WHAT THE TASK REQUIRES
Below is a set of records. Repeat all of them exactly.

EXERCISE MATERIAL

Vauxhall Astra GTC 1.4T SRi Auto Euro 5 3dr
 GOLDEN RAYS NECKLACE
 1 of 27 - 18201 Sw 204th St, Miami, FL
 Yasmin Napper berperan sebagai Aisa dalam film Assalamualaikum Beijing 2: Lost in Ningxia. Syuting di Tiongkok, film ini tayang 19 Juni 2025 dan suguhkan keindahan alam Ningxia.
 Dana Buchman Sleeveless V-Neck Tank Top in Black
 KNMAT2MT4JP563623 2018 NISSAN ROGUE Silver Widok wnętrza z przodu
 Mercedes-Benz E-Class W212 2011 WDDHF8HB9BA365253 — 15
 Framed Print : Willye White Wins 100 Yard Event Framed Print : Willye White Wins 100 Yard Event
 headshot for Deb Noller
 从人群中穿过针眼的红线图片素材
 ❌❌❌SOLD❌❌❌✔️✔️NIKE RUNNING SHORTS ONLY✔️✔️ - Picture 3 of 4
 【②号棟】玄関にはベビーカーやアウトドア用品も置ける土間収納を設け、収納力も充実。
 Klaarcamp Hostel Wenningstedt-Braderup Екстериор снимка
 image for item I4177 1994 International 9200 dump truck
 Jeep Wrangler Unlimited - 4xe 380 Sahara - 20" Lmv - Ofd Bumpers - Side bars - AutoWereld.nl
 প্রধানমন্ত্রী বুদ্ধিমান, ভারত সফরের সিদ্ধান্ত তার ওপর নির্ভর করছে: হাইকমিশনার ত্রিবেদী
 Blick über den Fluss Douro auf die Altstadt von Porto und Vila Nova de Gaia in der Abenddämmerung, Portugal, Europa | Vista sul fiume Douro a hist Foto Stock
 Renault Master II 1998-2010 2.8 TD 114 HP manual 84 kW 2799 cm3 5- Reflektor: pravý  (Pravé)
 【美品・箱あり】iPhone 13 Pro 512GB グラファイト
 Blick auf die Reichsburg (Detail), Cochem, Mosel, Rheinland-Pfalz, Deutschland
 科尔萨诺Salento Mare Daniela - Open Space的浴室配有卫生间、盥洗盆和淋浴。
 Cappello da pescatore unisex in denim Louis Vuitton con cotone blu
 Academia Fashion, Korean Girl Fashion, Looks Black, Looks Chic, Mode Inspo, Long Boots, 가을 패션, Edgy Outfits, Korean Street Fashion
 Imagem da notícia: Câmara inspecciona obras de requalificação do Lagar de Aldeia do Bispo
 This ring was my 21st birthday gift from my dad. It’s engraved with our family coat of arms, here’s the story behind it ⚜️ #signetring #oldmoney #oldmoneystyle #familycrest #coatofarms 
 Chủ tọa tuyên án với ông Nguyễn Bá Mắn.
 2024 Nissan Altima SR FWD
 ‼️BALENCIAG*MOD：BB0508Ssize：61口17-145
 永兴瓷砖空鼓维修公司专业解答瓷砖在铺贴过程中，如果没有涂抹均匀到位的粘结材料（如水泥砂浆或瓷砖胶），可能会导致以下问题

REPLY TO THE EXERCISE
Vauxhall Astra GTC 1.4T SRi Auto Euro 5 3dr
 GOLDEN RAYS NECKLACE
 1 of 27 - 18201 Sw 204th St, Miami, FL
 Yasmin Napper berperan sebagai Aisa dalam film Assalamualaikum Beijing 2: Lost in Ningxia. Syuting di Tiongkok, film ini tayang 19 Juni 2025 dan suguhkan keindahan alam Ningxia.
 Dana Buchman Sleeveless V-Neck Tank Top in Black
 KNMAT2MT4JP563623 2018 NISSAN ROGUE Silver Widok wnętrza z przodu
 Mercedes-Benz E-Class W212 2011 WDDHF8HB9BA365253 — 15
 Framed Print : Willye White Wins 100 Yard Event Framed Print : Willye White Wins 100 Yard Event
 headshot for Deb Noller
 从人群中穿过针眼的红线图片素材
 ❌❌❌SOLD❌❌❌✔️✔️NIKE RUNNING SHORTS ONLY✔️✔️ - Picture 3 of 4
 【②号棟】玄関にはベビーカーやアウトドア用品も置ける土間収納を設け、収納力も充実。
 Klaarcamp Hostel Wenningstedt-Braderup Екстериор снимка
 image for item I4177 1994 International 9200 dump truck
 Jeep Wrangler Unlimited - 4xe 380 Sahara - 20" Lmv - Ofd Bumpers - Side bars - AutoWereld.nl
 প্রধানমন্ত্রী বুদ্ধিমান, ভারত সফরের সিদ্ধান্ত তার ওপর নির্ভর করছে: হাইকমিশনার ত্রিবেদী
 Blick über den Fluss Douro auf die Altstadt von Porto und Vila Nova de Gaia in der Abenddämmerung, Portugal, Europa | Vista sul fiume Douro a hist Foto Stock
 Renault Master II 1998-2010 2.8 TD 114 HP manual 84 kW 2799 cm3 5- Reflektor: pravý  (Pravé)
 【美品・箱あり】iPhone 13 Pro 512GB グラファイト
 Blick auf die Reichsburg (Detail), Cochem, Mosel, Rheinland-Pfalz, Deutschland
 科尔萨诺Salento Mare Daniela - Open Space的浴室配有卫生间、盥洗盆和淋浴。
 Cappello da pescatore unisex in denim Louis Vuitton con cotone blu
 Academia Fashion, Korean Girl Fashion, Looks Black, Looks Chic, Mode Inspo, Long Boots, 가을 패션, Edgy Outfits, Korean Street Fashion
 Imagem da notícia: Câmara inspecciona obras de requalificação do Lagar de Aldeia do Bispo
 This ring was my 21st birthday gift from my dad. It’s engraved with our family coat of arms, here’s the story behind it ⚜️ #signetring #oldmoney #oldmoneystyle #familycrest #coatofarms 
 Chủ tọa tuyên án với ông Nguyễn Bá Mắn.
 2024 Nissan Altima SR FWD
 ‼️BALENCIAG*MOD：BB0508Ssize：61口17-145
 永兴瓷砖空鼓维修公司专业解答瓷砖在铺贴过程中，如果没有涂抹均匀到位的粘结材料（如水泥砂浆或瓷砖胶），可能会导致以下问题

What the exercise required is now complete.